You just have to stop waiting and go ahead and do it. And, you’ll be so happy, you might just take your top off. I’m not apologizing for the fluffy layer of nougat anymore, and if you don’t like seeing me in my bellydance outfit, just pretend we’re at WalMart.

4 Responses

  1. Julie says:

    I loved, loved, loved this blog. Well said by one of the most beautiful women I have ever had the pleasure of knowing – both inside and out. I’m glad you’re embracing it!!

  2. Melissa says:

    Dear Dancing Queen,

    I’m proud of you for taking your top off. I’m prouder of you for writing so eloquently about it, and I’m proudest of you for being a smart and strong woman who goes to a pole dancing class and eats well and likes it.
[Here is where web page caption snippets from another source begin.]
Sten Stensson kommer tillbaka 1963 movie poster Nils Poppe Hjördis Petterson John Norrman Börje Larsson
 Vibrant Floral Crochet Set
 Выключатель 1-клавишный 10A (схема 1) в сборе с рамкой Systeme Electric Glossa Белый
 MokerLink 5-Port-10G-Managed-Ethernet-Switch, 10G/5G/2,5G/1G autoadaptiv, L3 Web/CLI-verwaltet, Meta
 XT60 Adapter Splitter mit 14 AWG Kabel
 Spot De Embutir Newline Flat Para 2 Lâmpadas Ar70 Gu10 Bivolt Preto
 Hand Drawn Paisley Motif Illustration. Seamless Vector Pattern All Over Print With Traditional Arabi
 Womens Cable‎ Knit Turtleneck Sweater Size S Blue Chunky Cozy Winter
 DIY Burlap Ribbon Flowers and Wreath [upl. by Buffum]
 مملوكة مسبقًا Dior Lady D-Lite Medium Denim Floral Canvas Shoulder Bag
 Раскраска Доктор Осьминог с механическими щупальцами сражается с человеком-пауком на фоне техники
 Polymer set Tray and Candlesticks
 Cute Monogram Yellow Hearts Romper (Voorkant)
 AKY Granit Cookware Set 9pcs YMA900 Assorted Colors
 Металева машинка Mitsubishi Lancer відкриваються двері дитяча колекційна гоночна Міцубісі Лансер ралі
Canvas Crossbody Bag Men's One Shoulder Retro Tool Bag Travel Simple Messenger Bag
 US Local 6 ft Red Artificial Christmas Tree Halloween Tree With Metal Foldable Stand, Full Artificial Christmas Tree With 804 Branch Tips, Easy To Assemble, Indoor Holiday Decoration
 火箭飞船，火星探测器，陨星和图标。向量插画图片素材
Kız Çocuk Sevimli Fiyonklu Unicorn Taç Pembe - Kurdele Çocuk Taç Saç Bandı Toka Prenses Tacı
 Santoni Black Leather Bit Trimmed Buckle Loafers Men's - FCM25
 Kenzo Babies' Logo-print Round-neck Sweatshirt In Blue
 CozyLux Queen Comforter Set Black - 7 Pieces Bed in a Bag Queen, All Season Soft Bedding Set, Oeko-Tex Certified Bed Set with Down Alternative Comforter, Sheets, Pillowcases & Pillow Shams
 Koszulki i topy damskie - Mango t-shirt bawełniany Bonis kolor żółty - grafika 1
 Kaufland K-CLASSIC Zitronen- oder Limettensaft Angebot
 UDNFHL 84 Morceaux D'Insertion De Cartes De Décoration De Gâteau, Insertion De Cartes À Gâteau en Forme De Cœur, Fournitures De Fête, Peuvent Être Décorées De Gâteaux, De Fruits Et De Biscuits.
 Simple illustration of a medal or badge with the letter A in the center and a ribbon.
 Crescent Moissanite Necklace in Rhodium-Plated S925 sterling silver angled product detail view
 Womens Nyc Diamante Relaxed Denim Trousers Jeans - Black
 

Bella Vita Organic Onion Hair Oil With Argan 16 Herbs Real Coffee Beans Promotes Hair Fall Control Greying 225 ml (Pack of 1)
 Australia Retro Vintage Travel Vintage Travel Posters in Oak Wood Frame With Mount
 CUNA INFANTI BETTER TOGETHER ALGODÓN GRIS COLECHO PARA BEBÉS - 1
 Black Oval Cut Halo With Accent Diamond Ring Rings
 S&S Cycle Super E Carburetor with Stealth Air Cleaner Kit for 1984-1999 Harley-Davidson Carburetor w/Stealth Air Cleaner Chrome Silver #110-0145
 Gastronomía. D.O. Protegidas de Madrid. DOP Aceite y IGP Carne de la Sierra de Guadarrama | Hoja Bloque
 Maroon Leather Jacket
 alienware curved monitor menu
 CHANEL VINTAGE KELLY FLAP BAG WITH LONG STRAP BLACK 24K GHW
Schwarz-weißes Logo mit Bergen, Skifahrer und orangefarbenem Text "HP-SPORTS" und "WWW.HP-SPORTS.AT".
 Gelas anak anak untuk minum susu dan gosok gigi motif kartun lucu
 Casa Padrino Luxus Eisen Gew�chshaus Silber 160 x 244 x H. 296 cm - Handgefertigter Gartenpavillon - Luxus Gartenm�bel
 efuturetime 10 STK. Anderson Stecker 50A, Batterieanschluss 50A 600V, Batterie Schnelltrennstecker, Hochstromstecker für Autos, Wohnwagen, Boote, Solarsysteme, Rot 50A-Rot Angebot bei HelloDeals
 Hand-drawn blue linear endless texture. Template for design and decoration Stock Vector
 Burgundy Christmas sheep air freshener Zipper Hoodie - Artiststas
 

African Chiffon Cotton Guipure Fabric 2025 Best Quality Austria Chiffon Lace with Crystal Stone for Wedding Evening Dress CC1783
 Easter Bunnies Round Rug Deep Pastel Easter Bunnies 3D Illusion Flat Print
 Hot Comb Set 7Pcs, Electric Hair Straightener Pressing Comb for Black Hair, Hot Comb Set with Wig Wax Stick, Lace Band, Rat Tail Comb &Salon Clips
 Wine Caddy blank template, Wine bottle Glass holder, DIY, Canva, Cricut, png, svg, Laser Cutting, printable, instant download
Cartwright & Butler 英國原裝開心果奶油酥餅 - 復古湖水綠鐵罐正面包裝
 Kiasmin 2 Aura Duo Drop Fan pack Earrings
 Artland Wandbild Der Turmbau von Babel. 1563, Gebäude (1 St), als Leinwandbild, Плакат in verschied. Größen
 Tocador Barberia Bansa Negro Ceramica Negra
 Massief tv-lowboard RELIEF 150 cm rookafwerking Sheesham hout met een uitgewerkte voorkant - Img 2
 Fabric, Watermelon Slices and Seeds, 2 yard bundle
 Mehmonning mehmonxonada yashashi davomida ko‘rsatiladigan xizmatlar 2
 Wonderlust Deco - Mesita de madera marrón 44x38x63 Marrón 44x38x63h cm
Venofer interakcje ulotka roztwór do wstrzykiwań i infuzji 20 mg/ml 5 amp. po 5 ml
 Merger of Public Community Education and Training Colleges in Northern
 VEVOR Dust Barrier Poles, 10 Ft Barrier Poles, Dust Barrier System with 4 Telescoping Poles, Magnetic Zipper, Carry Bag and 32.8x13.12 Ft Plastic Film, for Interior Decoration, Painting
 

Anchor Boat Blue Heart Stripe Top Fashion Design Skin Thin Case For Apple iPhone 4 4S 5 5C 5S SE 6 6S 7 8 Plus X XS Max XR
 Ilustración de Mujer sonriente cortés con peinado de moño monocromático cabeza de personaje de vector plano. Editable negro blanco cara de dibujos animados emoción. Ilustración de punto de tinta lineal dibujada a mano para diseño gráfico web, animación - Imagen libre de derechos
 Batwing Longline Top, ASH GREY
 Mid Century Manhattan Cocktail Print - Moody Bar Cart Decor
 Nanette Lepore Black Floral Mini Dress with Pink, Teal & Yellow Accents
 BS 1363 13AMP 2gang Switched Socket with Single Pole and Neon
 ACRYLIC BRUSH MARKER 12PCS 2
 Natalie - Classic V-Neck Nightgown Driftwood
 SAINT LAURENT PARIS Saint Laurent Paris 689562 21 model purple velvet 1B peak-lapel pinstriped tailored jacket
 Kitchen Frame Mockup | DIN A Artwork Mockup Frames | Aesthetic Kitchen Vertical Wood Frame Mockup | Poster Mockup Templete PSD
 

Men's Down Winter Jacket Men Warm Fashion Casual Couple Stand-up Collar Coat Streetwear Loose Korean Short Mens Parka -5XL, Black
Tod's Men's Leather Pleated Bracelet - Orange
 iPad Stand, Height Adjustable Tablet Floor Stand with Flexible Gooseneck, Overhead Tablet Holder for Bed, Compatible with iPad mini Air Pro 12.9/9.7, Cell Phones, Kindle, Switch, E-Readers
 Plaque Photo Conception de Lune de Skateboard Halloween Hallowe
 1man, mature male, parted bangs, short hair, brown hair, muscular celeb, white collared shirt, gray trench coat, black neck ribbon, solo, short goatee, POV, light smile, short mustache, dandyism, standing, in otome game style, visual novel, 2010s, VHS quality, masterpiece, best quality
It’s not easy to be a girl who wants to have her cake in this life and eat it, too — but I’m glad that I choose friends that like the way cake tastes more than the way it looks on the shelf.

    It’s interesting how much women choose to be thin, and sometimes secretly choose thinness over the other attributes that they more publicly desire more. We all talk about how much we want to be stronger and how we value “health” over “thinness.” Because let’s make no mistake — the celebrities we see in magazines are not healthy. They’re emaciated. They’re a mere 200 calories, at most, away from a cardiac arrest. And yet these are the pictures we take to salons, to stores — the pictures we emulate.

    I wish I had been in your dance classes. I don’t know if we would have made each other feel better, but I like to think we would have. I don’t know if I was ever overweight, but I always felt like I was.* I had a belly, and I always wore a skirt to my classes. I hated my costumes, too. I used to suck in as much as I could for pictures, but you can’t suck in while you’re dancing. I have that belly to this day. I know now that it’s the way my body is. I know because I had it at my heaviest, and I know because I had it after I lost about 45 pounds. I don’t know if I’ll ever get it to go away.

    Here’s what I learned: when I was at my thinnest, I was weak. I remind myself of that now that I am slightly heavier, because I want to value strength over weakness, be it physical, mental, or emotional. These are the strengths you embodied (Pun!) when you took your top off.

    What you did was amazing. I might just buy a bikini this year, because you are inspiring.

    *Oh and those stretch marks ? Here, too. We should start a support group.

    -Linda Blair

  3. kvlm says:

    brilliant. absolutely brilliant.

  4. “I wasn’t sad because I was heavy – I was heavy because I was sad and lost in my life, trying to figure out what the hell I was doing.” Well put—that’s how I felt several years ago, as well. The ~15 pounds I gained last year stemmed from a new emotional roller coaster, too.

    I think it’s awesome you took off your top. My group workout on Thursday was so hardcore most of the guys ended up shirtless, no matter what their chests, bellies, and backs looked like. Did I strip down to my sports bra? No. Was it because of how my belly looks? Definitely was part of it.